Why stop there? Couldn’t most NGOs publish quantified feedback from the people they aim to help? Wouldn’t it transform reporting if they did? Who is better placed to know how well NGOs have actually helped them?

8 Responses

  1. Thanks for this post Alex – and congratulations to the NGOs who have published their survey reports. This kind of independent performance assessment is an important component in the process of optimising the bottom line performance of NGOs.

  2. Thanks Alex. Yes, seems very good in terms of benchmarking and accountiablity.

    The transparent approach of those three NGOs publishing their reports is also very welcome. As you say, it should generate or extend credibility, especially with donors, whether institutional or individal.

  3. Just to add that Practical Action has also put its Keystone Accountability reort up on its website. A copy can be found under ‘whats new’ and also a link through to the report from the blogs section (see CEO blog).

  4. Congratulations, Simon. It’s terrific that Practical Action has taken this step and published your confidential partner feedback report.

    Just 21 other NGOs to follow suit now!

  5. […] Keystone Partner Survey used a carefully designed questionnaire to define the ways that Northern NGOs expect to add value […]

  6. Check out this advocacy from an African NGO, the African Centre for Humanitarian Action: http://www.africahumanitarian.org/PublicAdvocacy.aspx

    While Northern NGOs advocate for changes in how international organisations & governments do business, they advocate for changes in how Northern NGOs do business. It’s exactly in line with the findings of the Keystone Partner Survey.

    Here’s what they say:

    “We bring an all important African voice to the otherwise northern dominated international humanitarian field. Confident that Africans have what it takes to deal with the challenges facing the continent, we advocate for:

    • Increased support and empowerment of indigenous organizations;
    • Flexible, timely, predictable, and needs based funding;
    • Genuine partnerships based on equality, transparency, complementarity, and shared-responsibility;
    • The acknowledgement and integration of African CSO’s agenda and strategy;
    • International recognition of African CSO’s value, contribution, and expertise;
    • Continued improvement in humanitarian delivery through enhanced accountability, sustainability, and use of the participatory approach; and
    • Increased capacity development for African CSOs and vulnerable populations.”

  7. Quick update. Three more NGOs have published their confidential reports: Save the Children UK, Save the Children US and Church World Service. See:

    http://www.savethechildren.org/site/c.8rKLIXMGIpI4E/b.6146405/k.C7E9/About_Us.htm
    http://www.savethechildren.org.uk/en/2108.htm
    http://www.churchworldservice.org/site/PageServer?pagename=action_who_accountability

    Congratulations to them! It’s terrific to see this level of transparency and accountability in action. These NGOs join AbleChildAfrica, Peace Direct, Practical Action, Progressio at the forefront of this field.
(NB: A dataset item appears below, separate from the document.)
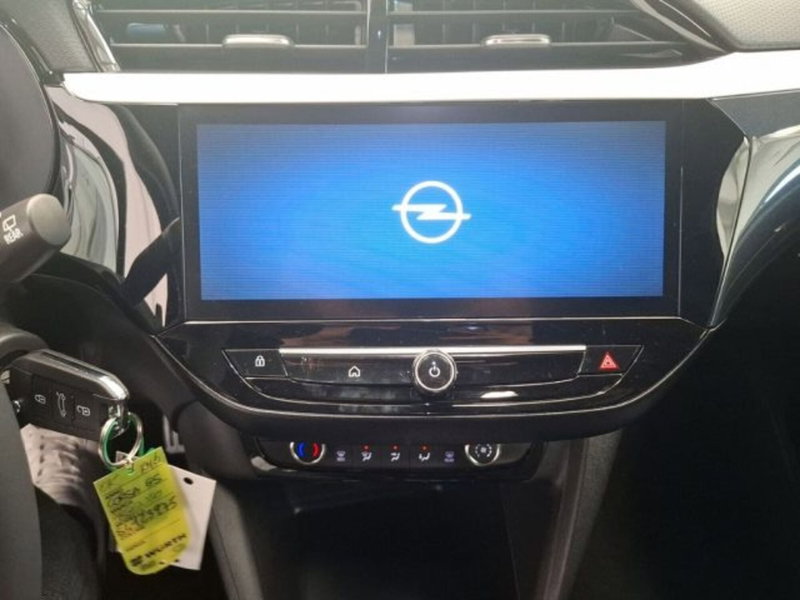 Opel Corsa nuova a Ancona (19)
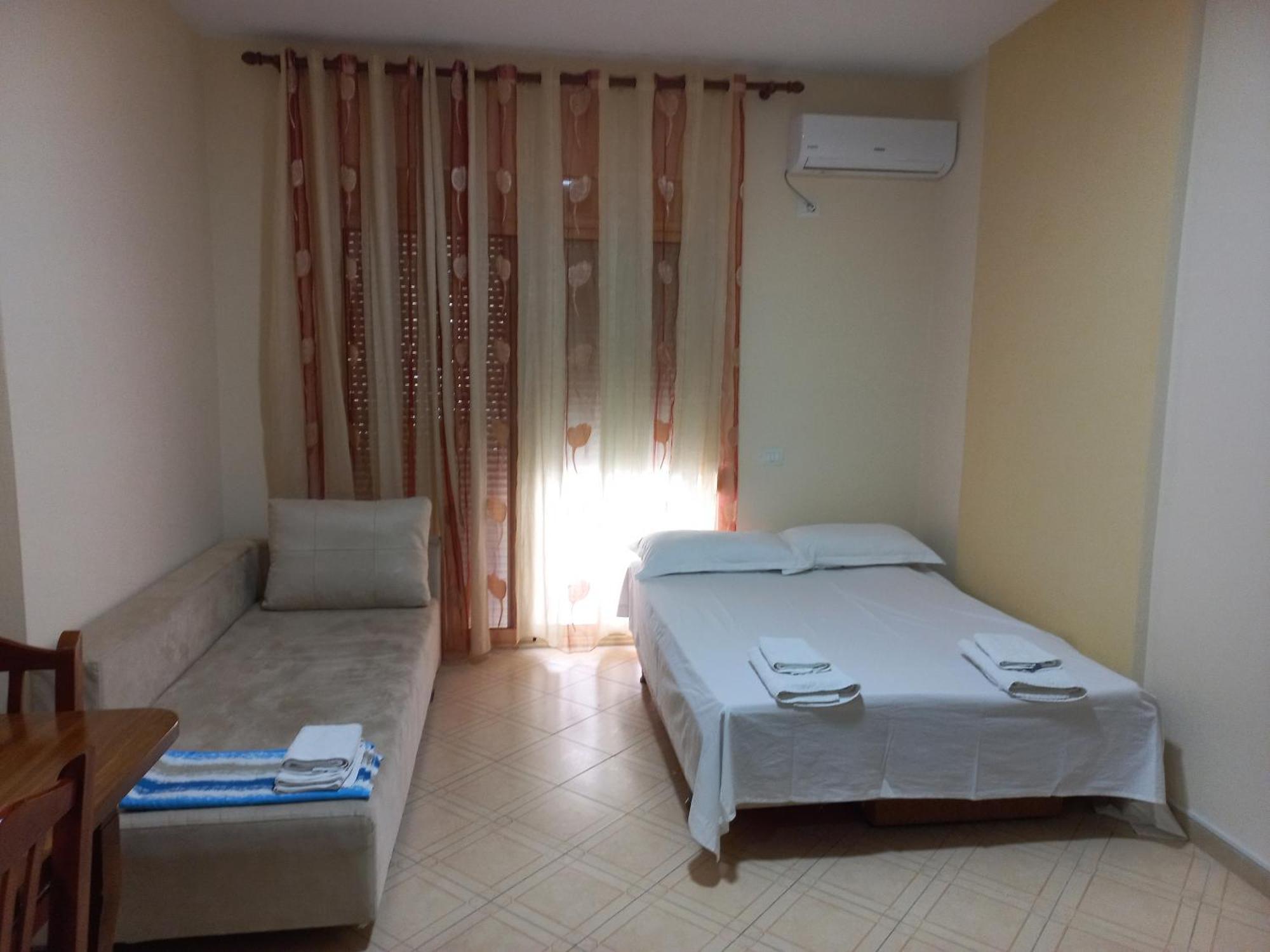 Lungomare Apartament Sea View Vlorë Habitación foto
    At a meeting in London last week, NGOs shared lessons from the survey. They had found it a very useful and stimulating process, helping them support partners better.

  8. Self Help Africa has joined the roll of honour, publishing their confidential report on line:

    http://www.selfhelpafrica.org/selfhelp/Main/reports.htm

    They’ve included a short note from managers titled “Reflection, context and commitment to improve”. It gives a frank comment on the survey’s findings and makes a commitment to repeat the survey in two years time. Congratulations, Self Help Africa!